Sweet & Spicy Zucchini Rotini
1 cup rotini pasta
1/2 large ripe tomato, cubed
2 tablespoons tamari
1 teaspoon Thai garlic chili sauce (or to taste)
ketchup
1/2 of one vegetable bouillon cube
garlic powder
pepper
nutritional yeast (optional)
green manzanilla olives
1/2 of a very small zucchini
dash of apple cider vinegar
pinch of flour
Dissolve 1/2 of one bouillon cube in boiling water and add pasta (any pasta will do, rotini just makes it fun).
While the pasta's cooking, cube 1/2 of the tomato and add to a small pot. Add tamari, chili sauce depending on how spicy you want it, garlic powder, and pepper; bring to a boil, then turn down heat slightly and let stew.
About halfway through, add a little bit of ketchup - just enough to make it slightly thicker. If your ketchup is sugar-free, add about a teaspoon of sugar here. If, by the end, it's still super thin, add a bit of cornstarch. It's not meant to be a thick spaghetti-like sauce, however.
Let all of that stuff do its thing while you slice the zucchini; you don't need a lot, maybe 8-12 small, thin slices. Put them in a bowl, add a dash of tamari and a dash of apple cider vinegar, enough to get them wet. Sprinkle in some garlic powder and pepper on these, too. Add a dash of flour to lightly coat the zucchini. Fry in a scantily oiled pan until brown on both sides.

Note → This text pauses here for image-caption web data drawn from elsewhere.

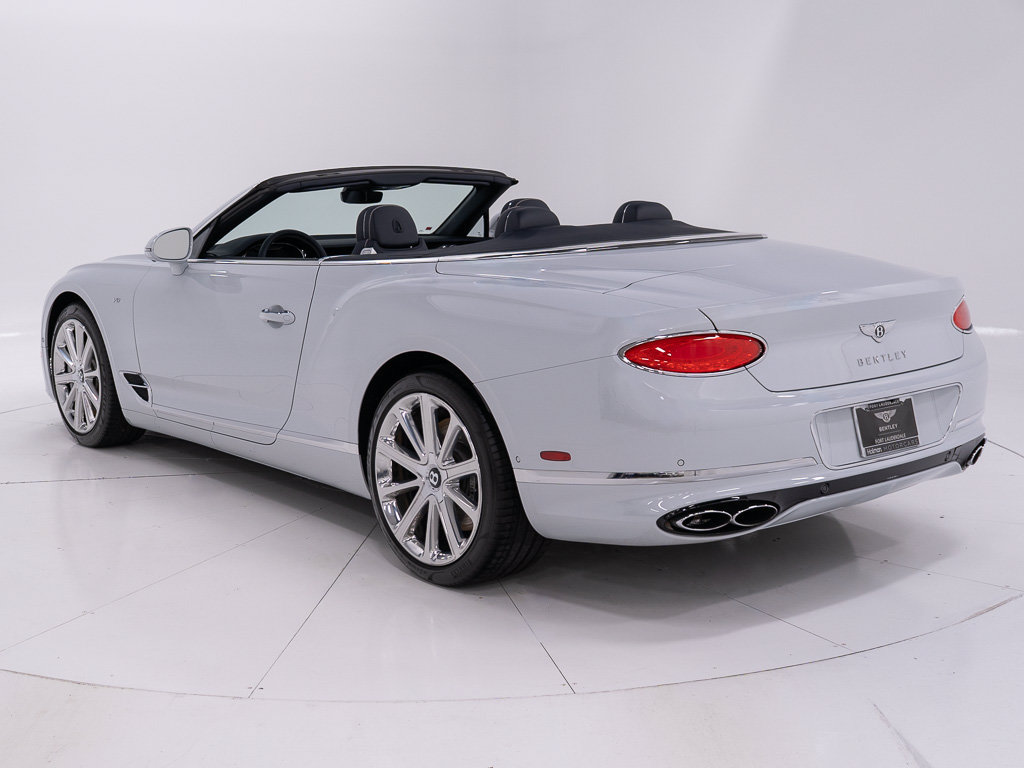 Used 2020 Bentley Continental GT AWD/4WD image 3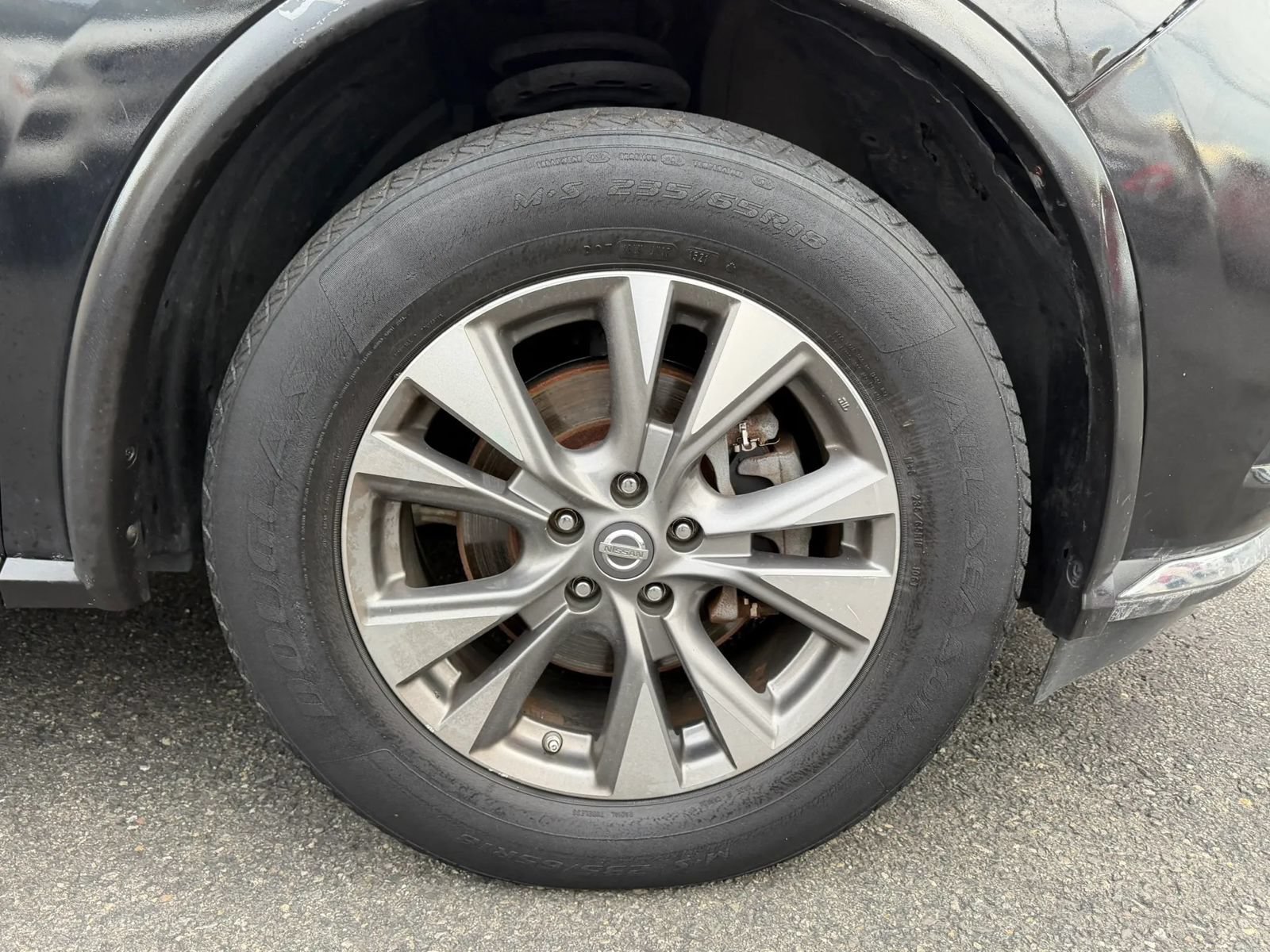 Used 2018 Nissan Murano SV AWD/4WD image 26
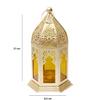 Beautiful Home Decorative Showpiece Collection Decorative Lantern lamp Candle Holder Hanging Lantern tealight Holder for Diwali
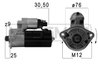 Electromotor ERA 220684A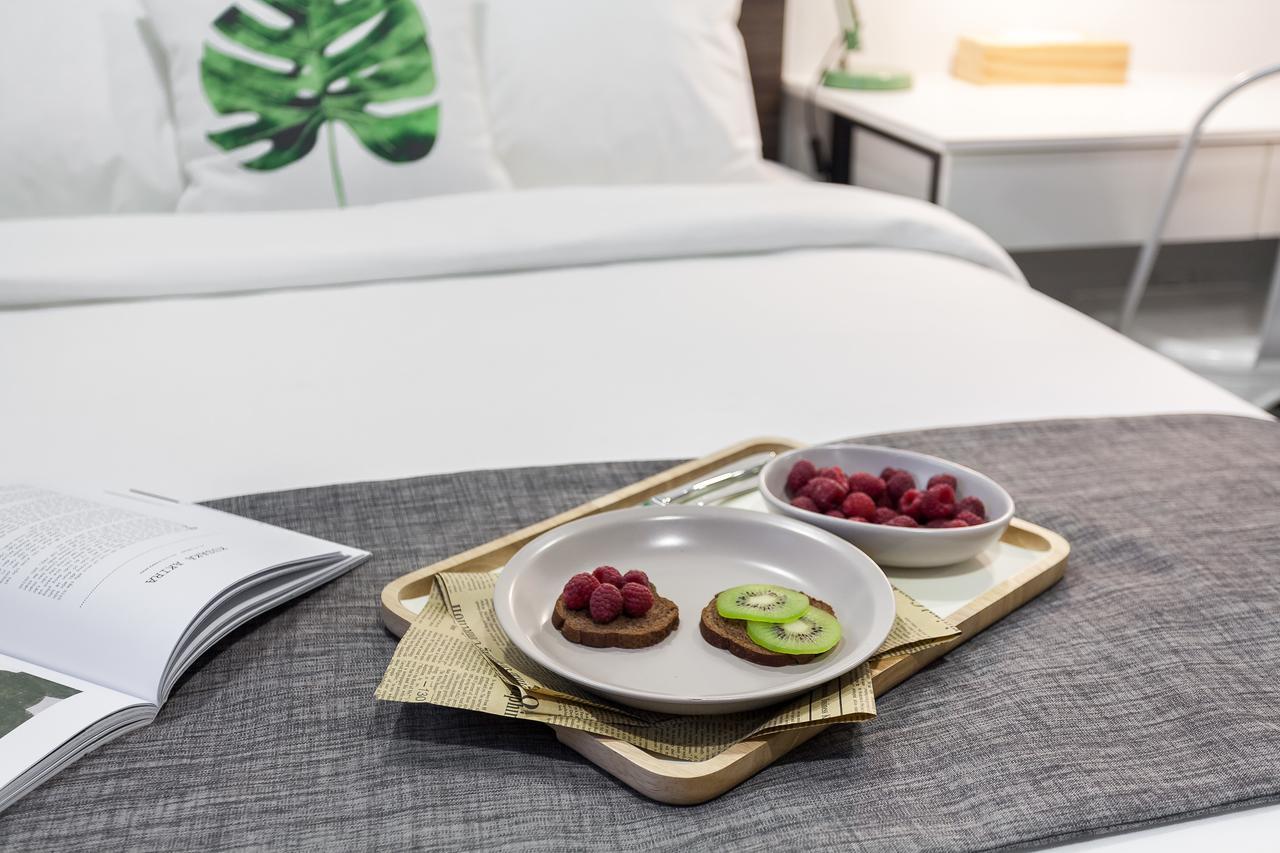 La Regatta Boutique Residences Πόλη Χο Τσι Μινχ Εξωτερικό φωτογραφία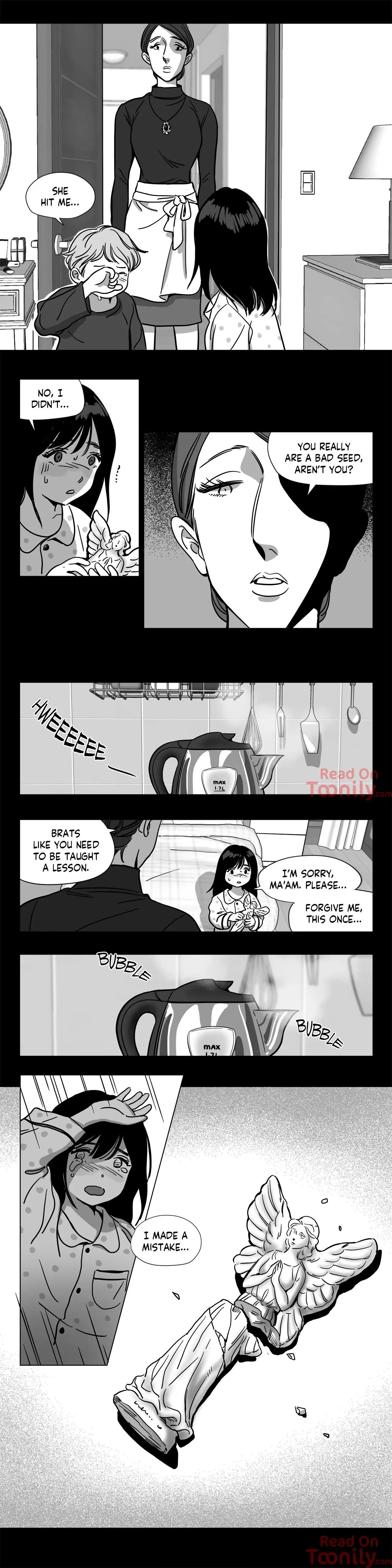 Read The Seagull and the Hunter chapter 4 image 3 on Lezhin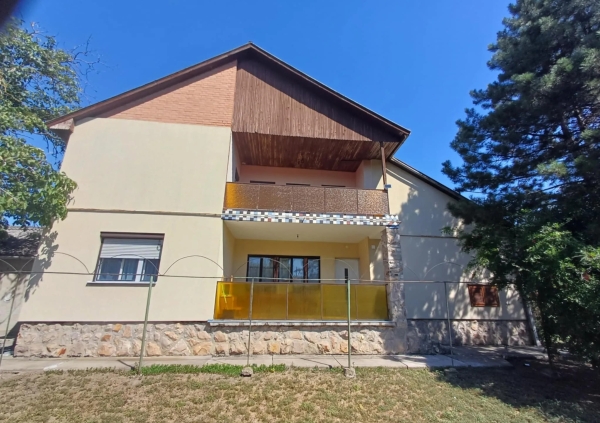 Derekegyházi családi ház eladó 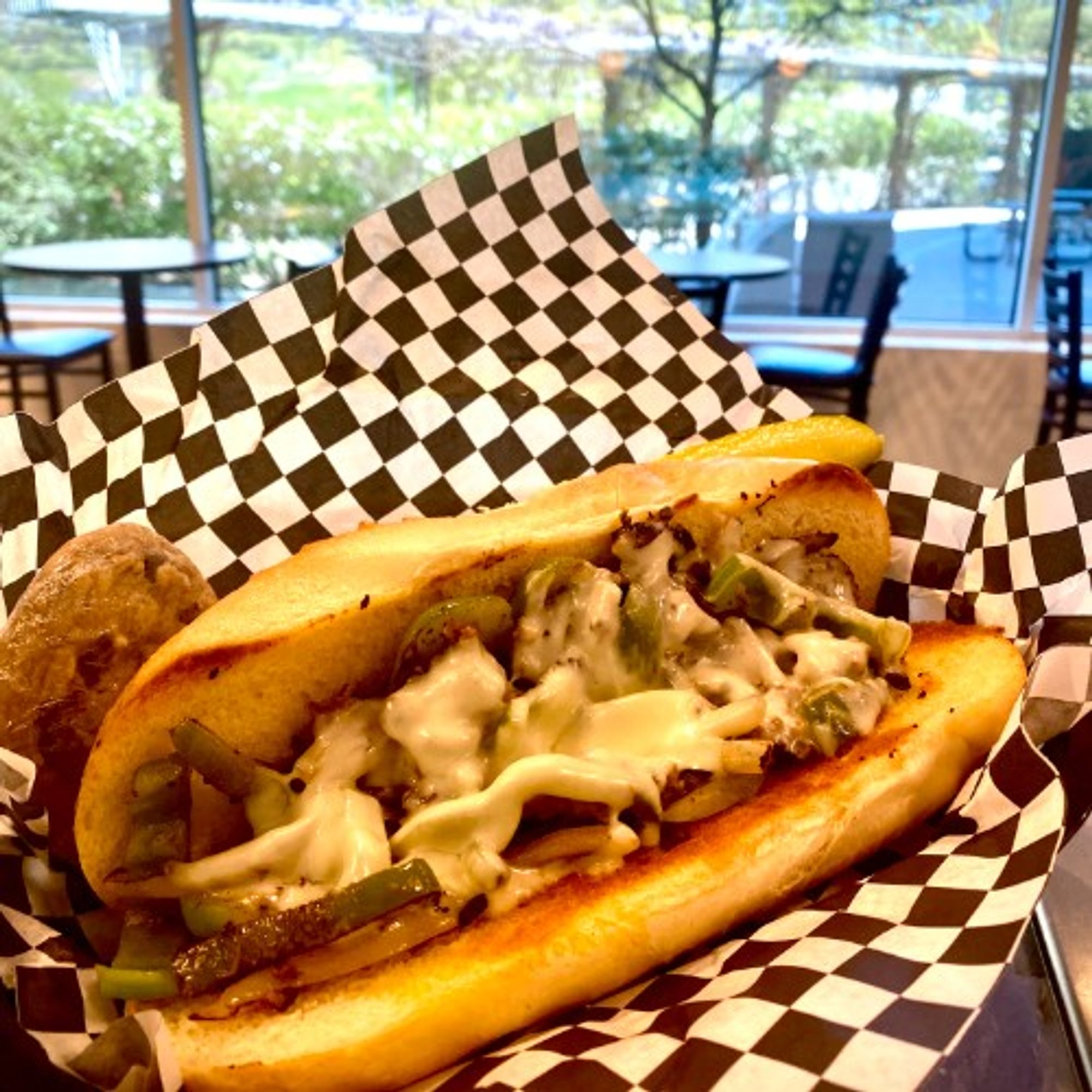 Philly Cheesesteak
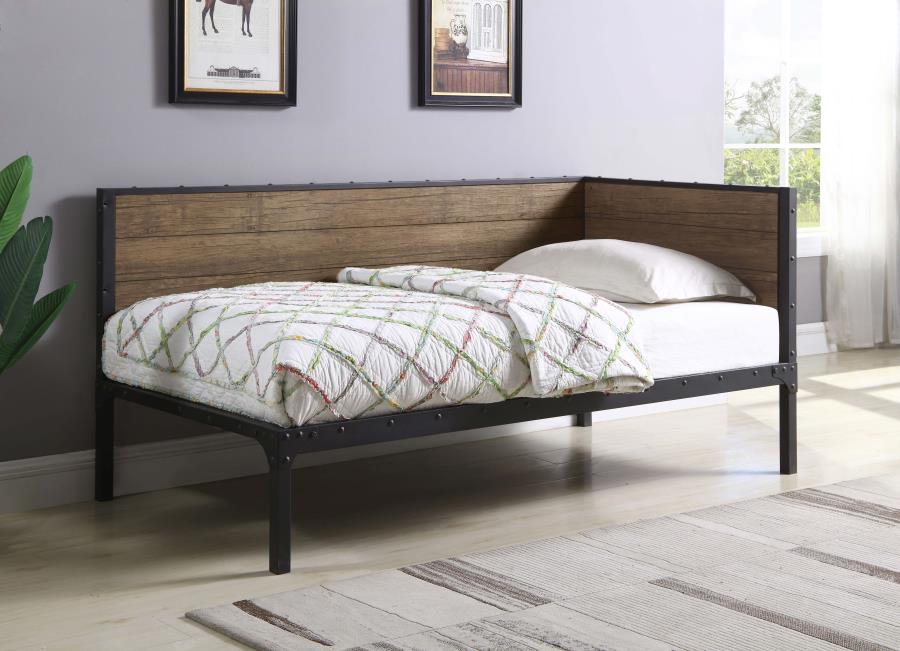 Getler Brown Twin Daybed - MyWaynesHome #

When the zucchini is done, add it to the tomato sauce, along with the olives (however many you want; I like to slice mine to pretend there's more than there actually is).
Drain pasta, stir in nutritional yeast (to your liking; optional) until dissolved and serve, adding as much sauce as you want and mixing when it's in the bowl/on the plate.
SO HOW'D IT GO?
I would love to cook that recipe. It looks really yummmy, I'm gonna tell my boyfriend to go buy the ingredients since we're both vegans.
I don't really like the recipe as is, but I think it's a good basis.
First, there needs to be some liquid with the tomato + soy sauce + other sauce ingredients; otherwise it's too dry to stew. Even though the recipe is only for a cup of pasta, I think it needs more tomato personally, but maybe it's just supposed to be a thin sauce.
There also isn't very much zucchini, and the process of cooking it is pretty messy. Zucchini cooks down a lot, so the amount can easily be doubled. The process of coating it in flour and sautéeing it wasn't very successful, as without a cohesive batter and significant oil, the flour coating comes off on the pan (I used a non-stick pan). I would rather fry/sautée the zucchini by itself, or go all the way and batter & fry several zucchini.
That aside, it's not a bad recipe. I like the addition of soy sauce, which makes it sort of like pasta salad but not quite.